J’avais eu la chance de faire sa connaissance, au début des années quatre-vingt dix, grâce à mon grand-père, lui-même gaulliste.

Philippe Séguin a mené des combats sans concession ; vous vous souvenez peut-être de la tenue si inhabituelle du grand débat qui l’avait opposé à François Mitterrand, lors de la campagne qu’il menait contre le traité de Maastricht, de ses interventions à l’Assemblée nationale qu’il présidait, ou bien encore de ses grandes diatribes républicaines.

Philippe Séguin était pupille de la Nation, d’une Nation qu’il aimait sans retenue, avec cet attachement fidèle qui le caractérisait, et qu’il servait hier encore à la Cour des Comptes.
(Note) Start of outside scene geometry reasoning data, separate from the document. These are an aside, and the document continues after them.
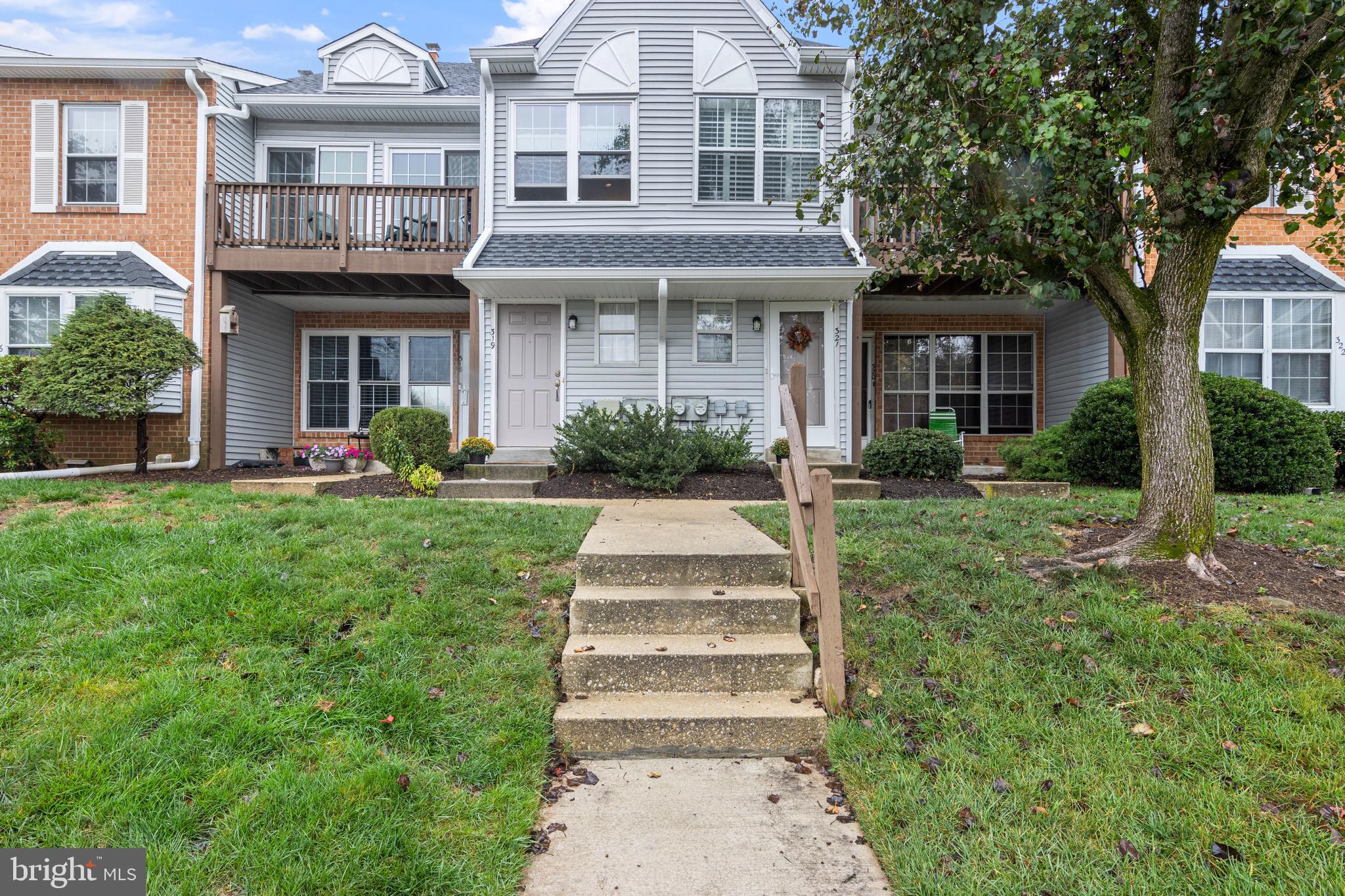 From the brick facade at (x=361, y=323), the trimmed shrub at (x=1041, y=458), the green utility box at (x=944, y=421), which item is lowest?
the trimmed shrub at (x=1041, y=458)

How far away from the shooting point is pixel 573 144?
33.6ft

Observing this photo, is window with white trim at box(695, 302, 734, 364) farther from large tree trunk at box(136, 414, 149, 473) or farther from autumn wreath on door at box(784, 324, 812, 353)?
large tree trunk at box(136, 414, 149, 473)

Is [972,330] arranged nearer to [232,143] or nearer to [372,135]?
[372,135]

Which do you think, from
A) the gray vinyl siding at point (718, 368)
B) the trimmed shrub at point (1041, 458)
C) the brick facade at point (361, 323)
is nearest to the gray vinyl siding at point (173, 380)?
the brick facade at point (361, 323)

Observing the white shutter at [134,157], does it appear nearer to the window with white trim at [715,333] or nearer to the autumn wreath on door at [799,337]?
the window with white trim at [715,333]

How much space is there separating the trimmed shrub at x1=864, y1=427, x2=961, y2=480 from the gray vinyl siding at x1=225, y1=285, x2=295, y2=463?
10.2 m

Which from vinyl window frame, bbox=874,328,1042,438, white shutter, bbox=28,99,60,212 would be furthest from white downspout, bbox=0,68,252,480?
vinyl window frame, bbox=874,328,1042,438

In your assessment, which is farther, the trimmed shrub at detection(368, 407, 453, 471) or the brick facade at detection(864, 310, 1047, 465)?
the brick facade at detection(864, 310, 1047, 465)

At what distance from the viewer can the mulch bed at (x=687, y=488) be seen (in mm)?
7457

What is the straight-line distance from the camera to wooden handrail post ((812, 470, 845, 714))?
310 cm

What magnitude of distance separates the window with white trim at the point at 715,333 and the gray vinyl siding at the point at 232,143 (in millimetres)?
7889

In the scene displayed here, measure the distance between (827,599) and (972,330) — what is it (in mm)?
11194

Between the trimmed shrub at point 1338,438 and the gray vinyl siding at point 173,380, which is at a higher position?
the gray vinyl siding at point 173,380

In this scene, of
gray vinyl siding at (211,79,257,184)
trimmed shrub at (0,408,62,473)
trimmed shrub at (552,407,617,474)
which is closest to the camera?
trimmed shrub at (552,407,617,474) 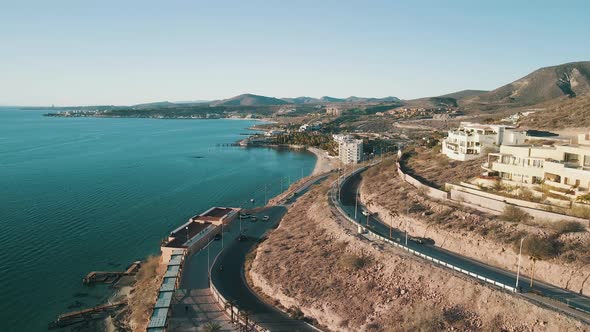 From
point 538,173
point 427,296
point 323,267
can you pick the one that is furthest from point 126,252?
point 538,173

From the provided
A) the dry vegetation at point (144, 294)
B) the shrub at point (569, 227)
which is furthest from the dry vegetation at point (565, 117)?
the dry vegetation at point (144, 294)

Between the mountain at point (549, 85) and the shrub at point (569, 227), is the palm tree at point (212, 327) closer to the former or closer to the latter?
the shrub at point (569, 227)

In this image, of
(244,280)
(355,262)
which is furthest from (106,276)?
(355,262)

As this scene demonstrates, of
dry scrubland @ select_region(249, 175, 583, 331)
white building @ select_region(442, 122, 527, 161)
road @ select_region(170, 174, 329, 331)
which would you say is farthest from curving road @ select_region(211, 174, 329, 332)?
white building @ select_region(442, 122, 527, 161)

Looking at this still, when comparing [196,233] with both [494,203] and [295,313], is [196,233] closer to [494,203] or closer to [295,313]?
[295,313]

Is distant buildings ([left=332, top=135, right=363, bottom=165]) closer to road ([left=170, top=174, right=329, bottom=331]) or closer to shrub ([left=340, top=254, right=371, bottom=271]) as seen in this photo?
road ([left=170, top=174, right=329, bottom=331])

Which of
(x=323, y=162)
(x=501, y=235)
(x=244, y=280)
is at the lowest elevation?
(x=323, y=162) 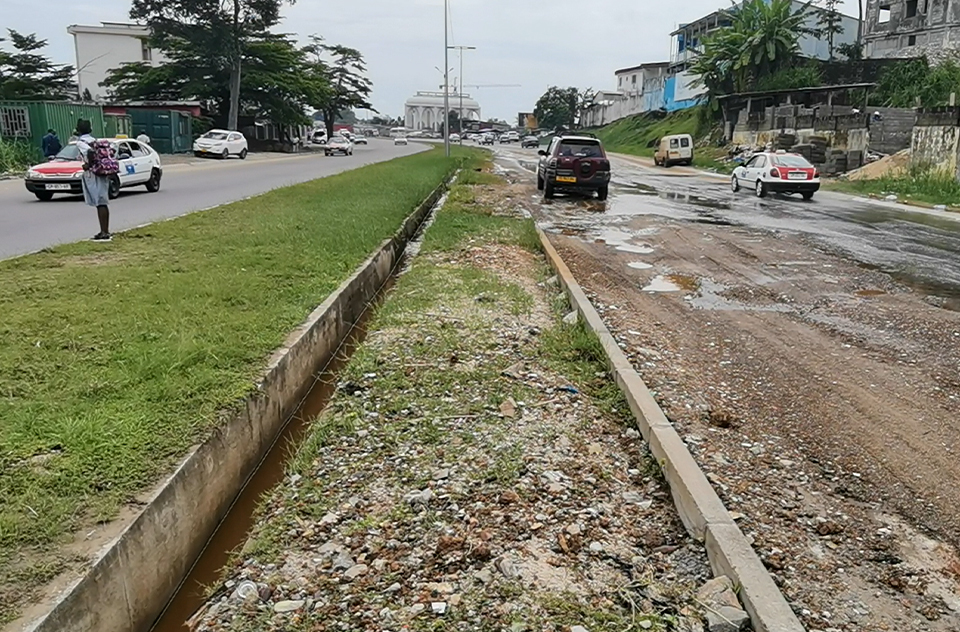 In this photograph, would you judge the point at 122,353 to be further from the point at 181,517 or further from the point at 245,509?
the point at 181,517

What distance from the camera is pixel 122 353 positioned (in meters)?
5.27

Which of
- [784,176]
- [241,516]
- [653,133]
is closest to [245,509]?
[241,516]

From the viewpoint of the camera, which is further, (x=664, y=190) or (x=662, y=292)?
(x=664, y=190)

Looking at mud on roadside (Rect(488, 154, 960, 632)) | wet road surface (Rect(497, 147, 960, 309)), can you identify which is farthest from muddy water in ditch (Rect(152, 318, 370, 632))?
wet road surface (Rect(497, 147, 960, 309))

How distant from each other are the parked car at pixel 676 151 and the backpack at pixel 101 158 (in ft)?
139

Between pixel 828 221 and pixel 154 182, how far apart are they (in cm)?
1736

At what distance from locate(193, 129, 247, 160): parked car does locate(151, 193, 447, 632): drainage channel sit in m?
39.4

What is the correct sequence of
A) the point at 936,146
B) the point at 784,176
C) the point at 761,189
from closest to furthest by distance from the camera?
the point at 784,176 < the point at 761,189 < the point at 936,146

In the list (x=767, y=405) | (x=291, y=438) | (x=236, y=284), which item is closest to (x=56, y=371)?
(x=291, y=438)

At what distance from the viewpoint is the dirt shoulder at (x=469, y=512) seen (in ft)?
10.7

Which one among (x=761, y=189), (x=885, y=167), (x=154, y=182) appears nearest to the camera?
(x=154, y=182)

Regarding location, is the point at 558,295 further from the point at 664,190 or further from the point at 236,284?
the point at 664,190

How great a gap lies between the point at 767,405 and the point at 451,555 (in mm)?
3032

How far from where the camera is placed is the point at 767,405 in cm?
557
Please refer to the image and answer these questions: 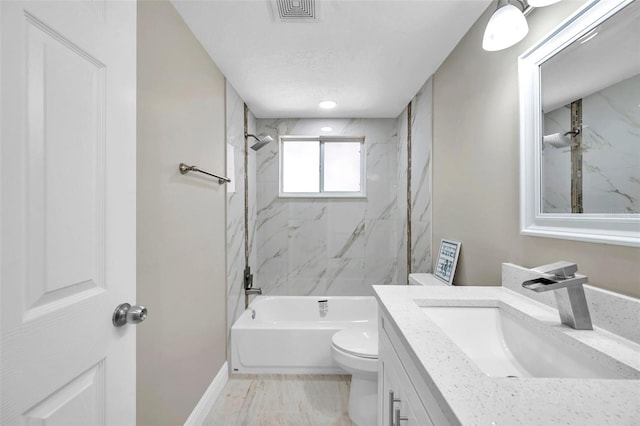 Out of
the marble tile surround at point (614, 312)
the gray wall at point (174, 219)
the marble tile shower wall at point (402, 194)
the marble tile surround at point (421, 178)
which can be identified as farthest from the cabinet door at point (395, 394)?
the marble tile shower wall at point (402, 194)

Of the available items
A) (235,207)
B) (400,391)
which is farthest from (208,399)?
(400,391)

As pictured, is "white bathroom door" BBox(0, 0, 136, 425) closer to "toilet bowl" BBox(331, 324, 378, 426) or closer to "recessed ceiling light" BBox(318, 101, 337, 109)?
"toilet bowl" BBox(331, 324, 378, 426)

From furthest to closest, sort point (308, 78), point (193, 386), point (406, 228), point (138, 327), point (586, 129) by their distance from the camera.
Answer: point (406, 228) < point (308, 78) < point (193, 386) < point (138, 327) < point (586, 129)

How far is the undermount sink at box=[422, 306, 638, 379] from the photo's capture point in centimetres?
72

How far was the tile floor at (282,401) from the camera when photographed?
5.80 ft

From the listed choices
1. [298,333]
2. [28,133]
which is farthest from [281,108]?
[28,133]

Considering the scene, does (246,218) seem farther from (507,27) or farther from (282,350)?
(507,27)

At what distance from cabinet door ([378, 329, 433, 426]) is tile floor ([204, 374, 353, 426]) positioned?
2.81ft

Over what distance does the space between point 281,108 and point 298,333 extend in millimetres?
2109

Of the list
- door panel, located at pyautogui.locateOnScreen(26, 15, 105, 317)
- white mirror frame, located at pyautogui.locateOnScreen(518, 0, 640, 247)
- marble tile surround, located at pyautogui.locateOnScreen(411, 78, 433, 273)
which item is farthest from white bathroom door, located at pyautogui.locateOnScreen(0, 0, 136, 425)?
marble tile surround, located at pyautogui.locateOnScreen(411, 78, 433, 273)

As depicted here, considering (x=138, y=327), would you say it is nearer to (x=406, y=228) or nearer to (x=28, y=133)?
(x=28, y=133)

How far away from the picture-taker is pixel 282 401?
195 centimetres

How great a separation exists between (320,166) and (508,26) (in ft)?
7.71

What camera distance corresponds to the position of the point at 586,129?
2.93 feet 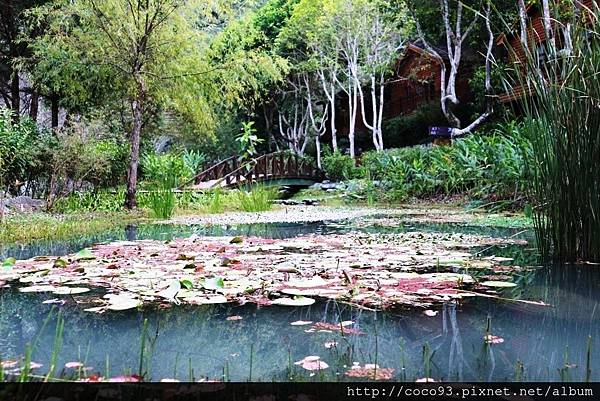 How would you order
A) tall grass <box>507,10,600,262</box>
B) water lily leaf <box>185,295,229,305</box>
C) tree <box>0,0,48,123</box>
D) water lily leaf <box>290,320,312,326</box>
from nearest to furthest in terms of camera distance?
water lily leaf <box>290,320,312,326</box> < water lily leaf <box>185,295,229,305</box> < tall grass <box>507,10,600,262</box> < tree <box>0,0,48,123</box>

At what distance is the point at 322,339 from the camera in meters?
1.54

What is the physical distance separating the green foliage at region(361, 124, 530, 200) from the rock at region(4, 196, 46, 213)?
6.41 m

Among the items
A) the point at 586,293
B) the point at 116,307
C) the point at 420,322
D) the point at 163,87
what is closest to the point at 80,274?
A: the point at 116,307

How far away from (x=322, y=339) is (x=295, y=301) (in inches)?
15.0

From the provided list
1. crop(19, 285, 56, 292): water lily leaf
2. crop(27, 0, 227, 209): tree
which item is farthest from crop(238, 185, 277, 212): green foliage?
crop(19, 285, 56, 292): water lily leaf

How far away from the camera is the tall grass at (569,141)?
2.46 metres

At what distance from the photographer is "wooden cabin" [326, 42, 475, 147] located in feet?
61.5

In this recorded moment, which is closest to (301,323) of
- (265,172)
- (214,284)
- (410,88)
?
(214,284)

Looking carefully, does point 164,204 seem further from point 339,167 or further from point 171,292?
point 339,167

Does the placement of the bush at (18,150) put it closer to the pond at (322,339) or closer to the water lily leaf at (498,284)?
the pond at (322,339)

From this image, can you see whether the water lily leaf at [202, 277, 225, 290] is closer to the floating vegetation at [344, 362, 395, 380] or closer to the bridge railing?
the floating vegetation at [344, 362, 395, 380]

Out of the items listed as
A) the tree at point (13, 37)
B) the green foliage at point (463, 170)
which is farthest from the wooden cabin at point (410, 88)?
the tree at point (13, 37)

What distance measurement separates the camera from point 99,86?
10414mm

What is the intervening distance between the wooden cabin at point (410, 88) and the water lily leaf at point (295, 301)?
1641 centimetres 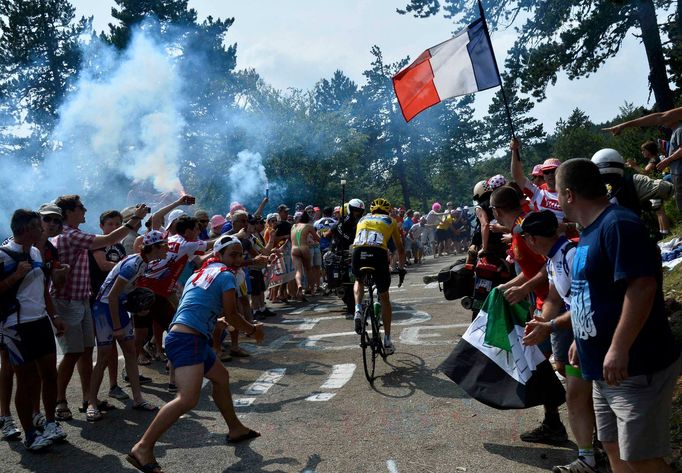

Hier, à midi, lors des vœux aux services du Premier Ministre, je l’ai croisé ; il m’a semblé heureux, déterminé devant les divers chantiers où il s’apprêtait à engager la Cour, notamment sur le terrain bancaire. Nous venons de perdre un ami, un grand homme.

8 commentaires

  1. Dominique

    7 janvier 2010, 10:41

    Un vrai gaulliste, qui a su rester fidèle à ses convictions. Peut- être à samedi à Nozay.

  2. Ivanoff

    7 janvier 2010, 10:48

    Ancien maire d’Épinal, ville d’où je suis originaire. Il a su sortir cette petite ville des Vosges de l’anonymat et de son isolement. Un grand bosseur, intègre, fidèle a ses convictions, ce qui est rare voir en voie d’extinction de nos jours malheureusement…

  3. BiG

    7 janvier 2010, 11:13

    Sa famille politique vient de perdre une épine dans le pied, non ? Mais de quoi est-il mort, s’il était en forme hier ?

  4. Marc

    7 janvier 2010, 11:49

    Un très très grand monsieur, qui ses dernières années à mené un travail absolument remarquable auprès de la Cour des Comptes.

    Total respect.

  5. Jean Mularski

    7 janvier 2010, 12:55

    J’ai appris cette nouvelle avec émotion.
    Votre présentation est juste, avec sa personnalité, son talent, son autorité il a animé la vie politique et nos idées. Sentiments émus et reconnaissants.

  6. Damien

    7 janvier 2010, 15:45

    Une immense perte pour la République. Philippe Séguin que j’ai eu la chance de croiser à plusieurs reprises , notamment du côté d’Aix en Provence, est le seul homme politique de sa génération qui m’ait réellement impressionné. Par son talent, son charisme mais aussi son physique il ne pouvait laisser indifférent et avait cette capacité rare à inciter les jeunes à s’engager dans la res publica, la chose publique. Je me souviens avec émotion des années post 95 où au sein de son club de de pensée , le Rassemblement pour une Autre Politique (RAP) nous avons si souvent essayé de trouver une 3 ème voie, juste, équilibrée entre la libre initiative , la solidarité et la fraternité. Pour Séguin comme pour De Gaulle , la « finalité de toute chose, de toute politique » c’était l’Homme : un principe bien trop oublié aujourd’hui dans une société qui subi les dérives du capitalisme et fait de la seule recherche du profit son but.

  7. Denus

    12 janvier 2010, 04:03

    Philippe Séguin fut le seul homme politique qui ait eu le courage, lorsqu’il présidait l’Assemblée nationale, d’engager résolument une réforme législative allant dans le sens de la simplification.
    Il échoua face au véto catégorique des deux chambres. Et là – gauche comme droite – le consensus fut remarquable.
    La noblesse de robe tient encore le haut du pavé pour notre plus grand malheur.

  8. Jany

    12 janvier 2010, 12:01

    C’est Séguin, pas Seguin ! Moi le premier je faisais la faute. Mais aussi bien sur France 2 que face aux familles, le devin défunt aura eu son nom émasculé jusqu’à la toute fin, sous les oreilles de ses proches.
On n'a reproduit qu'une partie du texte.